Some of the left-wing organisations fell apart in the 70’s, others were radicalized. There were Maoists and Moscow-followers and people with contacts with the RAF in Germany and PLO in Palestine.

In the early 70’s there was another movement growing, called "den svenska musikrörelsen”, the Swedish music movement. The idea was to play your own songs, and sing in Swedish, not English. Of course it was a leftist movement, but the bands and artists spanned from very political to more poetic expressions. From Stalin and Mao to hippies, you could say. So there was a lot of discussion in this movement.
The Maoists even printed a pamphlet titled ”Folket kan inte segra till fiendens musik” - ”The people cannot win to the music of the enemy”. They wanted a nationalist Swedish folklore music by people playing violins and dressed like 18:th century peasants, and considered rock n’ roll or anything American or English as capitalist music.

This music movement had it’s own paper, Musikens Makt (The Power of Music) 1973-80, where I actually wrote as some sort of freelance in the late 70’s. So did Mats Zetterberg, and Mats Bäcker was taking pictures. We were working at a place in Lund called Grupp Fem, which was a group of young freelance reporters and photographers. There and then (late 1977) Mats and Mats decided to start a band. They found some guys who wanted to be in, and started to play Rolling Stones and Iggy Pop covers.
It was Mats Bäcker who took the name Fiendens Musik from the Maoist pamphlet as a very deliberate statement: We loved ”the enemy’s music”, not this boring so-called folk music. 

The band evolved from a cover band to a band in it’s own right when I by accident started to write lyrics in Swedish, which Harry Schiffmann set music to. As parts of the Swedish music movement, it was natural for us to write in our own language even though we loved American and British music.
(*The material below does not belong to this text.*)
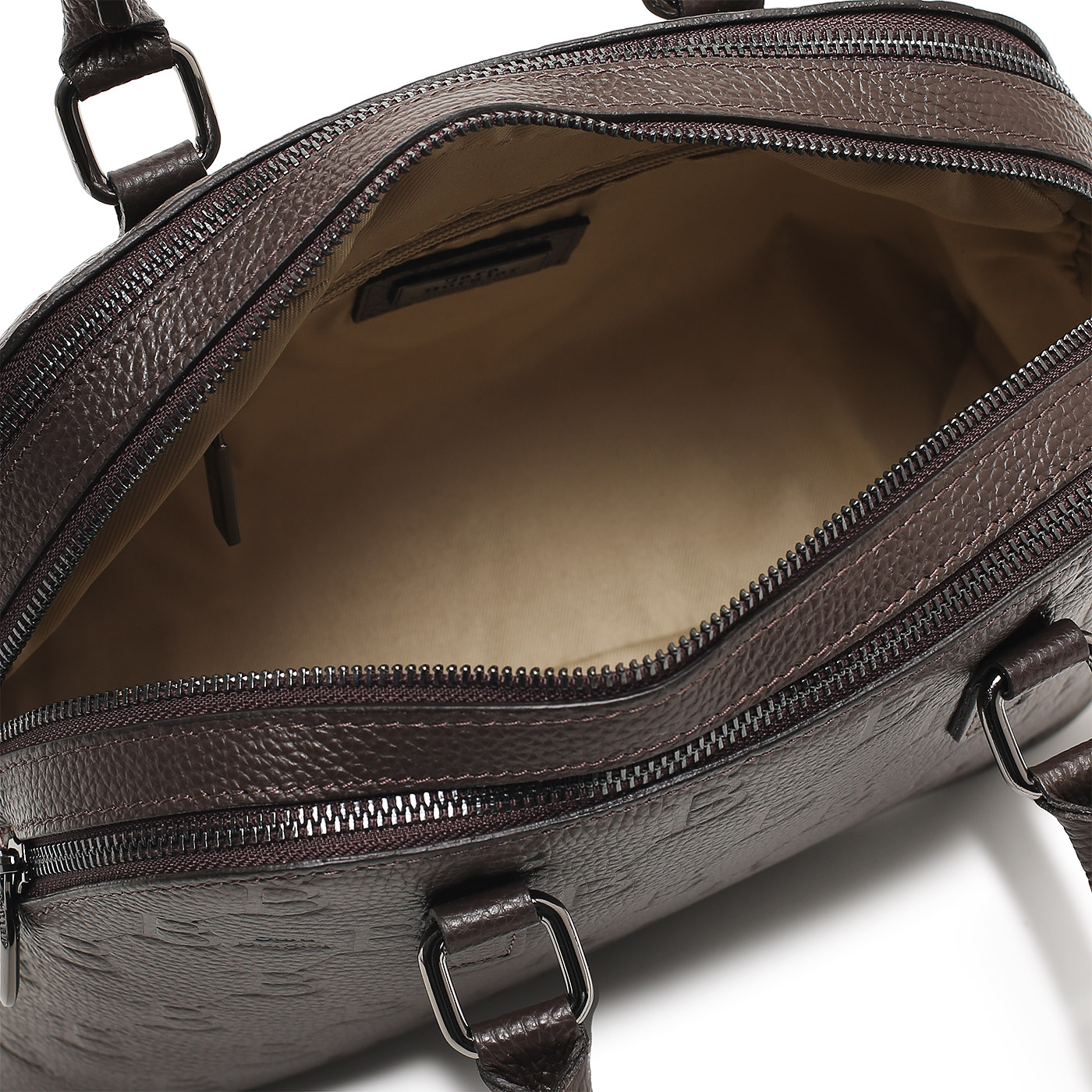 Кожаная сумка Sara Burglar Asia Person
This was in the spring of ’78. 
We were all coming from lower middle class homes all around southern Sweden and just happened to meet in Lund, where some of the other guys were studying at the old university. Given the time and place, I would say we all had some leftist ideas, more or less articulated. But we hated the sectarian left-wingers who saw music as just a tool. 

We were aware of the punk movement and supported the local bands, but never saw ourselves as punks. We were a bit older, 24-25 years, when the other bands were maybe around 20. To us it would be like masquerading (which it actually was what most Swedish middle-class ”punks” were doing, in my view).

”En spark rätt i skallen” (A Boot Right in the Face) was one of the first songs I and Harry wrote, and it tells the story of what happened to me one late night in the streets of Gothenburg, where I had studied before.
It is not political in any conventional way, but maybe in the way it tells about street violence. This was ten years before that became a topic in the media. And we kept on writing songs about our lives, not trying to pose as rebels or punks. Another early song was ”Hårt mot hårt”, an anti-racist anthem at least ten years ahead of the media scene.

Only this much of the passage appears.